Французская опера стояла пустой, зато переполнен был театр, где шла русская драма «Димитрий Донской», полная патриотических монологов и призывов к отмщению. Весь спектакль гремели аплодисменты, зрители кричали «ура!», и занавес поднимался десять раз.
Аристократические салоны были закрыты для французских дипломатов, а княгини и графини сменили французские шляпки на русские платочки.
Барклаю сказали, что когда государь прибыл на молебен в Казанский собор, то ему пришлось идти через толпу угрюмых и озлобленных подданных, словно сквозь строй.
А по городу гуляли слова, сказанные адъютантом Багратиона Денисом Давыдовым, тем самым, с которым довелось Михаилу Богдановичу встретиться в штабе накануне отхода к Эйлау: «Может, будет это год десятый, а может, двенадцатый, да только уже сегодня стоит он среди нас, как поднятый и окровавленный штык».

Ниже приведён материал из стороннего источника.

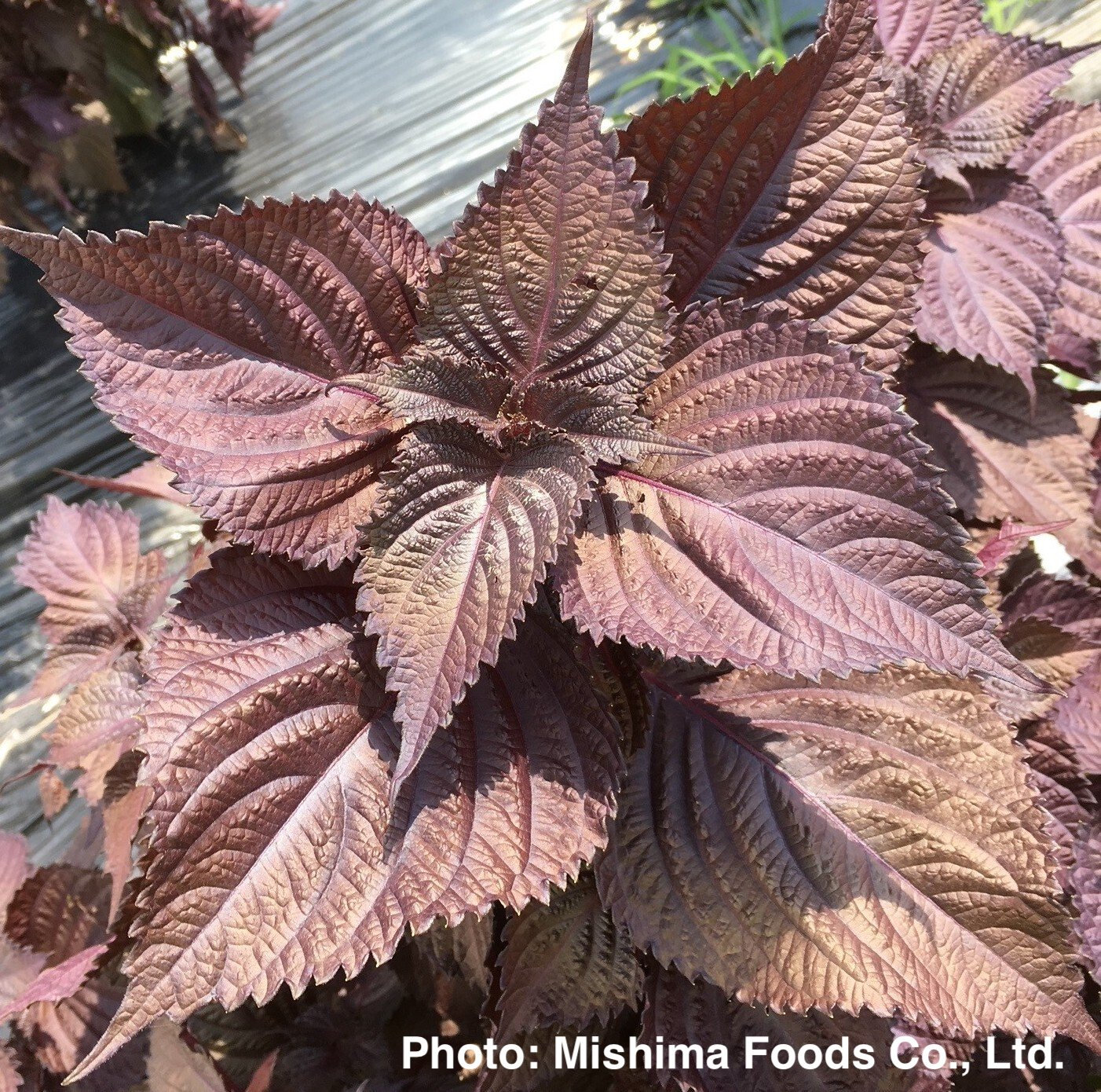 Highly accurate genome sequence information of red perilla was determined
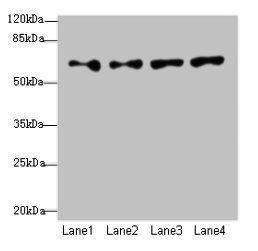 CFAP52 Antibody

А дело, по которому приехал он в Петербург, завершилось и скоро и успешно, — Вязьмитинов докладом о состоянии дел в дивизии Барклая остался доволен и сказал, что ее начальник может оставить за себя того, кого сочтет нужным, а сам должен переехать в Петербург на лечение.
И хотя Вязьмитинов сделал вид, что это он сам предлагает Барклаю переехать в Петербург, чувствовалось, что и здесь истинным виновником нового сюрприза является Александр.